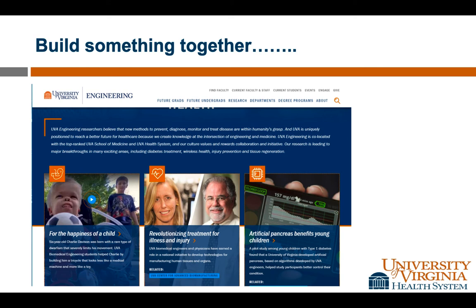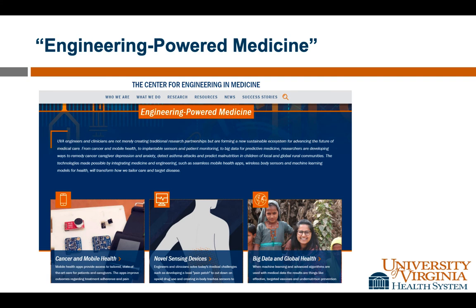There are a lot of real-life problems — these are problems from today. This is where you all have such a valuable role: you think like engineers. We can build something together. There's the Center for Engineering Medicine here — 'engineering-powered medicine' — and I think that's a pretty powerful statement. That's where engineering and medicine can come together and be better for our patients.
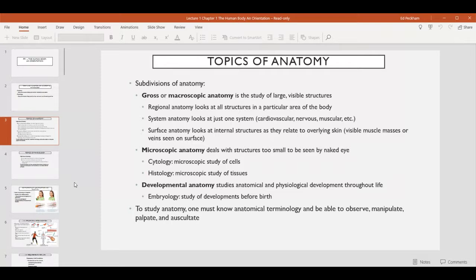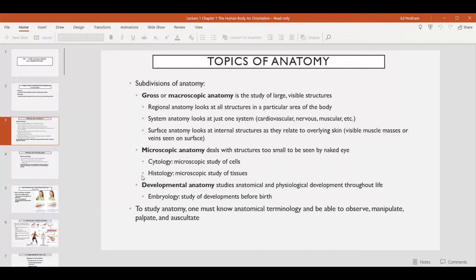Getting into a smaller scale, we also have microscopic anatomy. This requires microscopy — using a microscope to view structures smaller than our eyes are able to visualize. This includes cytology, which studies the structure of cells. The prefix 'cyto' tells you that the subject is related to a cell — it refers to cellular structures or cellular functions. At a slightly larger scale we have histology, which is the study of tissues, and this will be the main focus of chapter four.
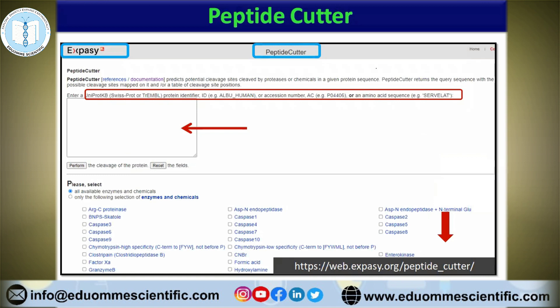Peptide Cutter will look like this. As we have shown in our last videos, here also we can provide our input sequence. Either we can paste our sequence or we may provide the ID. You may either provide the SwissProt, TrEMBL, or UniProt ID, or you may paste your sequence directly.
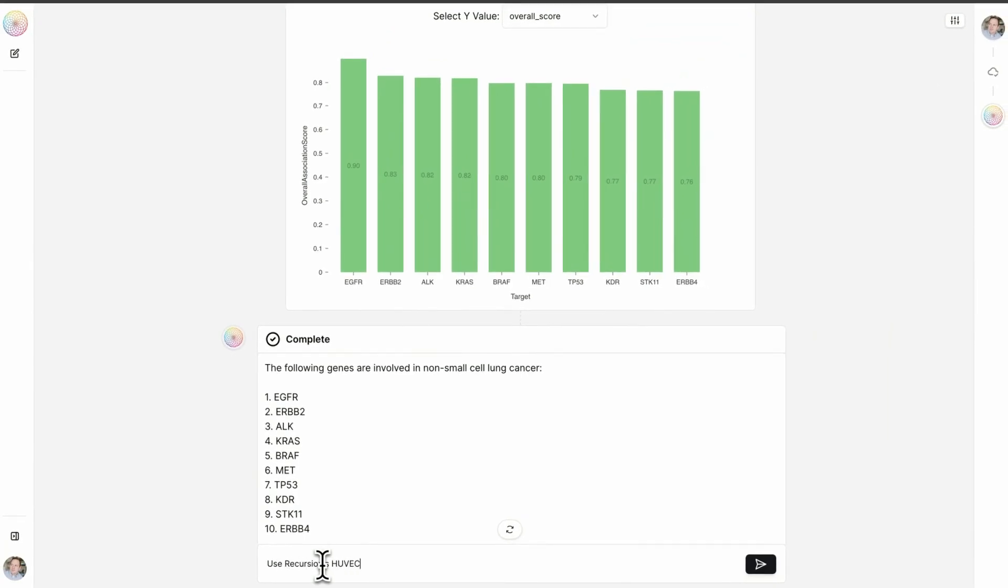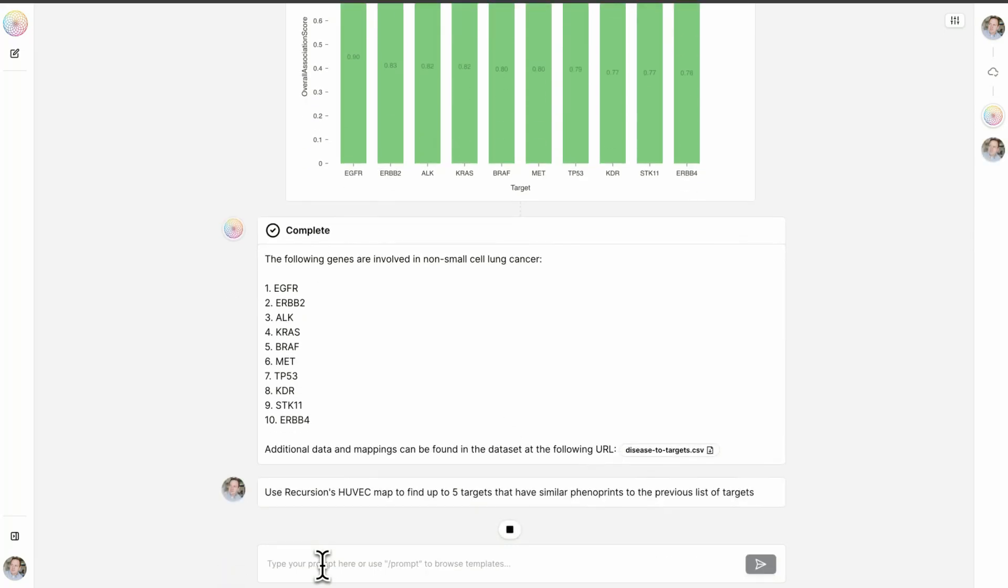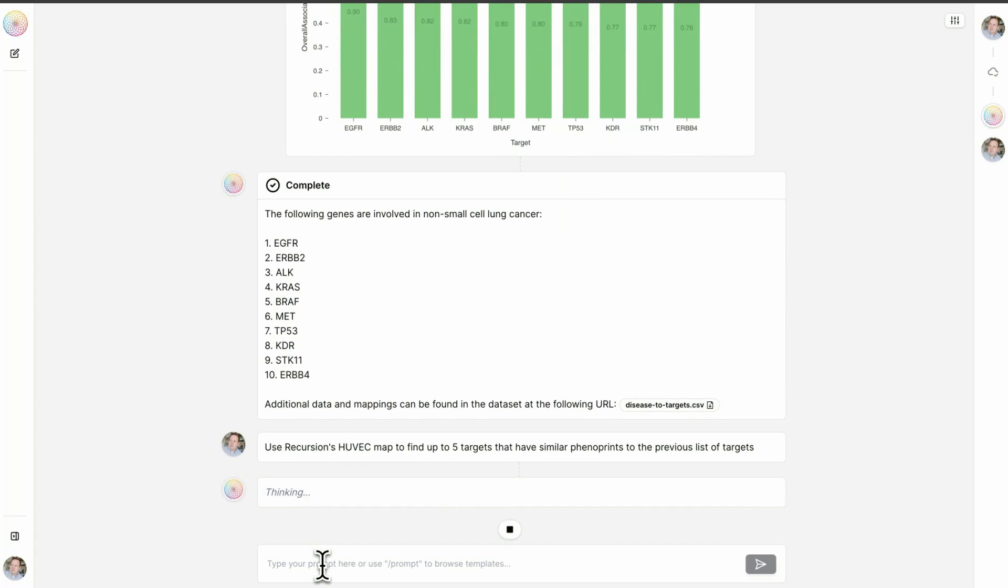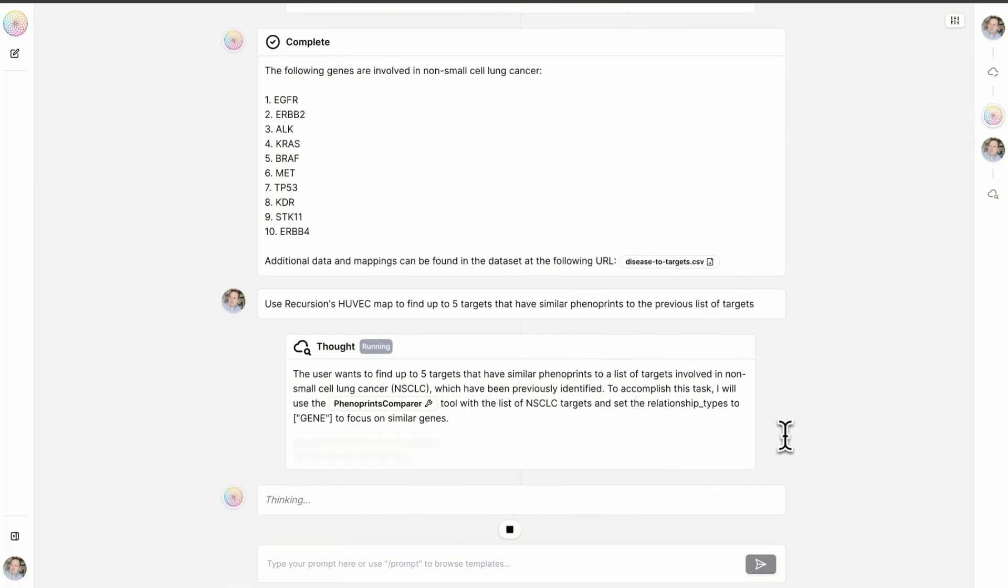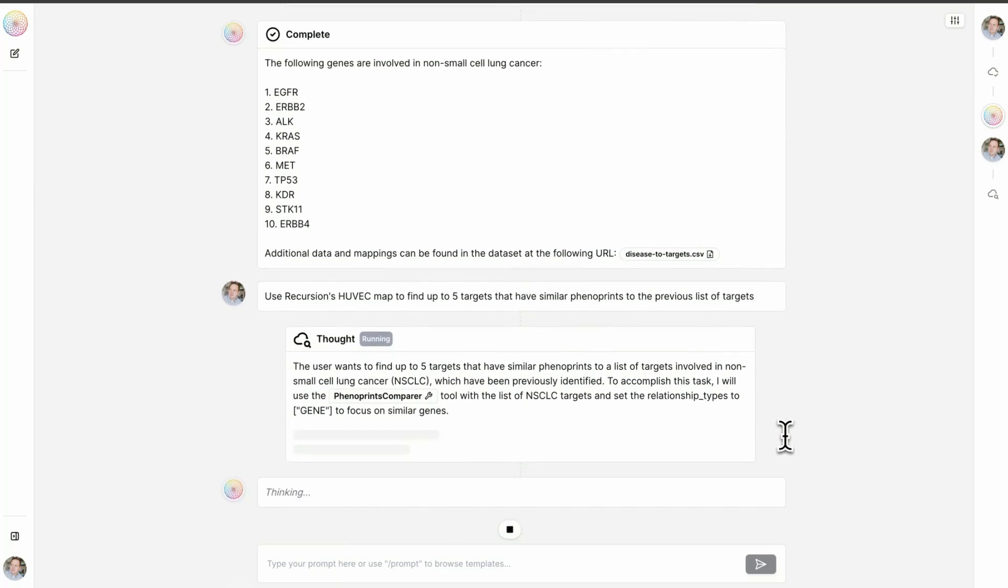Use Recursion's CRISPR KVAC map to find up to five targets with similar phenoprints to the previous list of targets. At Recursion, we have used our highly automated wet lab to generate massive experimental datasets spanning the human genome and millions of chemical compounds. With this prompt, we are using our genome-wide CRISPR knockout data in primary human endothelial cells to query those known small cell lung cancer genes and ask whether there are other genes that, when knocked out, result in a similar or very different cellular morphological phenotype.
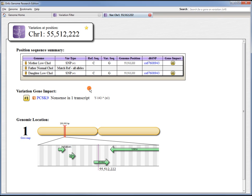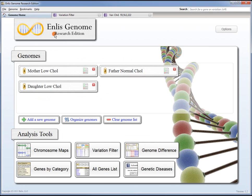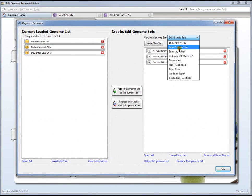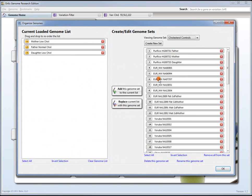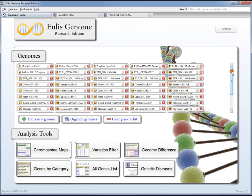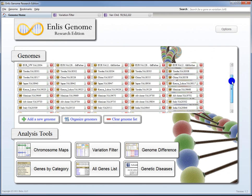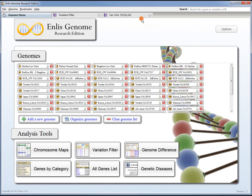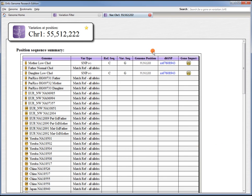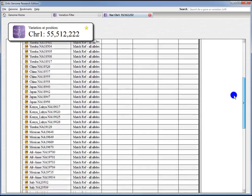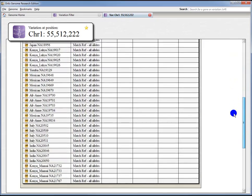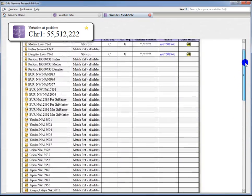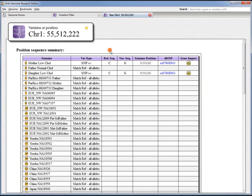Remember, we also searched 53 control genomes, but we didn't have to load those into the program. If we want to view those 53 genomes as well, we can do that very easily. We'll come in here and select that cholesterol control set and say add this genome set to the currently loaded list. That quickly we've loaded up those 53 genomes in addition to the three that we are already viewing. Switching back over to the position page, we can see all of those genomes listed, and see that they match reference on all alleles just like the father. So, none of these genomes share this variation with the mother and the daughter.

□ □ □

▸ **What needs to be done**
Write the listing out exactly, apart from its pictures.

▸ **Written reply**
There are a lot of real-life problems — these are problems from today. This is where you all have such a valuable role: you think like engineers. We can build something together. There's the Center for Engineering Medicine here — 'engineering-powered medicine' — and I think that's a pretty powerful statement. That's where engineering and medicine can come together and be better for our patients.
Getting into a smaller scale, we also have microscopic anatomy. This requires microscopy — using a microscope to view structures smaller than our eyes are able to visualize. This includes cytology, which studies the structure of cells. The prefix 'cyto' tells you that the subject is related to a cell — it refers to cellular structures or cellular functions. At a slightly larger scale we have histology, which is the study of tissues, and this will be the main focus of chapter four.
Peptide Cutter will look like this. As we have shown in our last videos, here also we can provide our input sequence. Either we can paste our sequence or we may provide the ID. You may either provide the SwissProt, TrEMBL, or UniProt ID, or you may paste your sequence directly.
Use Recursion's CRISPR KVAC map to find up to five targets with similar phenoprints to the previous list of targets. At Recursion, we have used our highly automated wet lab to generate massive experimental datasets spanning the human genome and millions of chemical compounds. With this prompt, we are using our genome-wide CRISPR knockout data in primary human endothelial cells to query those known small cell lung cancer genes and ask whether there are other genes that, when knocked out, result in a similar or very different cellular morphological phenotype.
Remember, we also searched 53 control genomes, but we didn't have to load those into the program. If we want to view those 53 genomes as well, we can do that very easily. We'll come in here and select that cholesterol control set and say add this genome set to the currently loaded list. That quickly we've loaded up those 53 genomes in addition to the three that we are already viewing. Switching back over to the position page, we can see all of those genomes listed, and see that they match reference on all alleles just like the father. So, none of these genomes share this variation with the mother and the daughter.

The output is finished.